What are your favorite difficult, modern pieces - I mean the kind that don't get played on the radio and start fights on TalkClassical - and why do you love them?

I'm not asking: Why are the things other people say about them wrong? or: Can you prove that they're just as well-constructed as Mozart?

But rather: How do they speak to you, and why do you keep going back?


----------



## Ingélou (Feb 10, 2013)

:tiphat: Nice thread: I am looking forward to reading the answers so that I can have a handy listening list.


----------



## Guest (Mar 28, 2016)

As I said in another thread: tell me why you like Mozart, and I doubt our answers would be very different.


----------



## Ingélou (Feb 10, 2013)

The only fairly-modern work that I know well is Robert Moran - Requiem: Chant du Cygne (1990). This was recommended to me by PetrB, and I took to it at once. However, I can't imagine that it fits your description of 'being difficult' or 'starting fights'.






I like it because it makes me reflect on the nature of sound itself - it is beautiful & mysterious, and seems to have a meaning just beyond my grasp.


----------



## arpeggio (Oct 4, 2012)

I really do not know.

One of my favorite difficult works is the Carter _Clarinet Concerto_. Why?
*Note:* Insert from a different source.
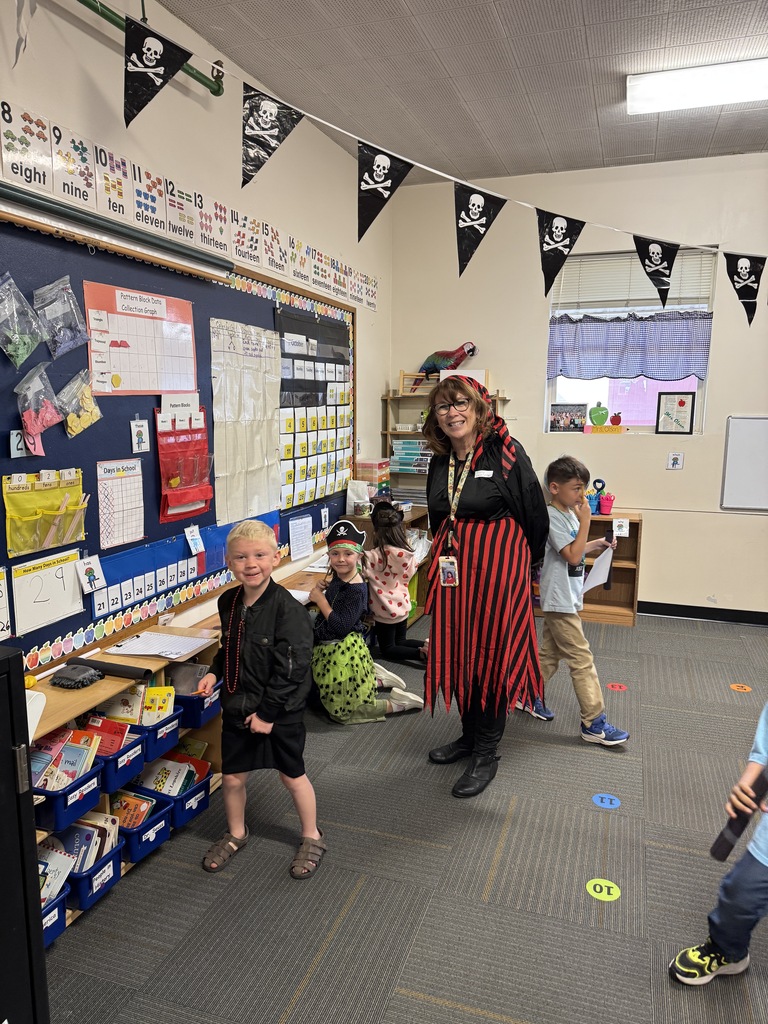 A classroom with a pirate theme. A woman in pirate attire stands in the middle. Kids in costumes play.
I just like the way it sounds.


----------



## senza sordino (Oct 20, 2013)

I just listened to the Ligeti violin concerto. I'm impressed with this piece because of the virtuoso playing required. As a violin player, this piece numbs my brain when I hear it. I can only imagine the shifting, bowing, fingering and singing! required. I'd love to see this piece performed live, or better still attend a masterclass with someone playing it.


----------



## schigolch (Jun 26, 2011)

As a listener, any music I like is not "difficult" to me, rather the other way around. 

However, I'm aware that it could be "difficult" for other people, mostly people with musical tastes centered in the Romantic, Post-Romantic, or Pre-Romantic periods.
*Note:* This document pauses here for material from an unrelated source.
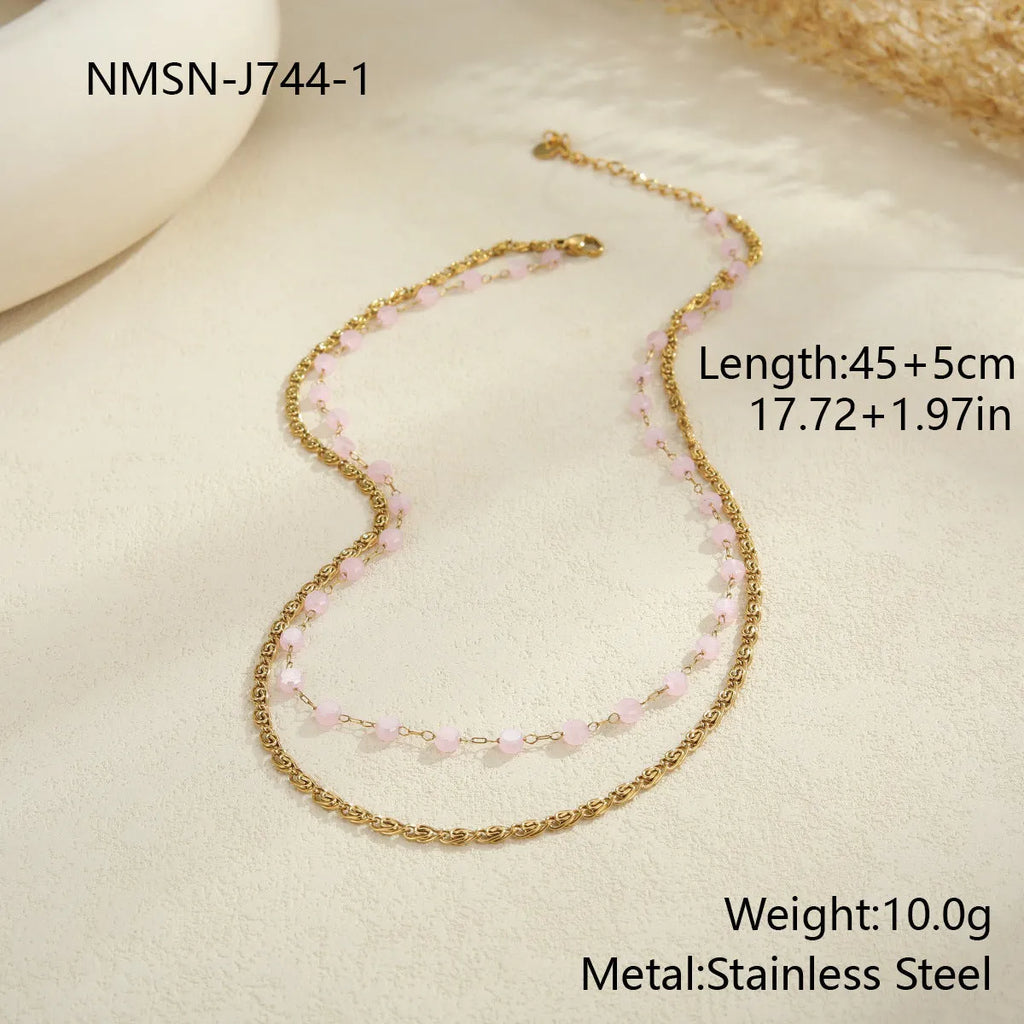 Gold-plated double-layer stainless steel necklace with colourful beads and geometric pendant on woman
_Cassandra's Dream Song_ is a fascinating piece of music, written some forty years ago by Brian Ferneyhough, for solo flute. It's devilish "difficult" to play. I have been playing a flute since I was a child, and I confess I will never be remotely able to play this.

But listening to it, sometimes I feel like it's myself playing by some magical trick, nonetheless; sometimes I'm just in the center of a magical universe. made of these gorgeous sounds, that are rather 'geometrical' to my mind, but also, in the end, with some surprisingly Romantic overtones, too.
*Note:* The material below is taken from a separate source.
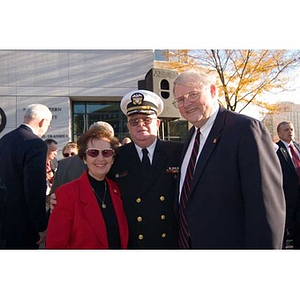 Neal Finnegan poses with two others at the Veterans Memorial dedication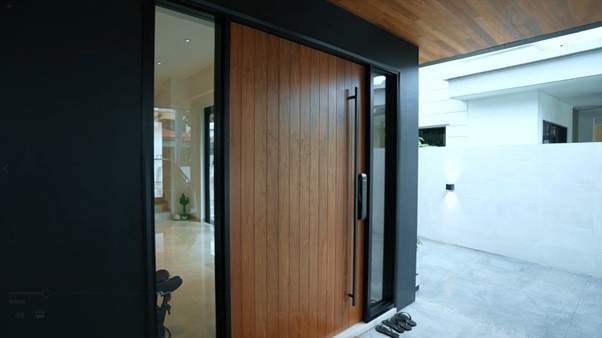 Timber pivot front door with a black frame and glass side panel at the entrance - Landed house renovation with new facade, staircase and interiors (39EW) | Larry Contractors, HDB Licensed Renovation Contractor, Singapore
It's just around 8 minutes, and if someone, even with a rather traditionalist taste, approaches to the piece with an open mind, maybe he will get a pleasant surprise. Then again, maybe not, but this is the point, isn't it?. To try and see.


----------



## Guest (Mar 28, 2016)

I could imagine myself playing Ferneyhough on the guitar if it weren't for the nightmarish rhythm. In other words, I could play it in the style of a flexible John Cage Number Piece


----------



## GreenMamba (Oct 14, 2012)

To somewhat arbitrarily pick a work I like a lot (not necessarily my single favorite: *Jonathan Harvey's Mortuos Plango, Vivos Voco*.

Short answer is, it is interesting. And haunting. And beautiful.

It begins with samples of the bells of Winchester Cathedral and the voice of the composer's young son. These sounds bring with them certain associations. As these sounds are synthesized and mixed, you get electronically modified bits, so you have the piece alternately sounding very old and relatively new. I'm a sucker for this sort of thing.

I think one key is not to treat it as a vocal work. The voice is used for its sounds, not for lyrics. It isn't the lead; the bells aren't the accompaniment.

I've read some fairly technical analysis of the work and I can't quite follow it all. Some isn't that hard to pick out, e.g., that it is in eight parts. I do think it helps that you trust that the work isn't some technical exercise, and thus give it a chance as music.


----------



## isorhythm (Jan 2, 2015)

I was going to say Ligeti's violin concerto too, but senza sordino beat me to it. I will probably post more of these in the future, but a couple to start off....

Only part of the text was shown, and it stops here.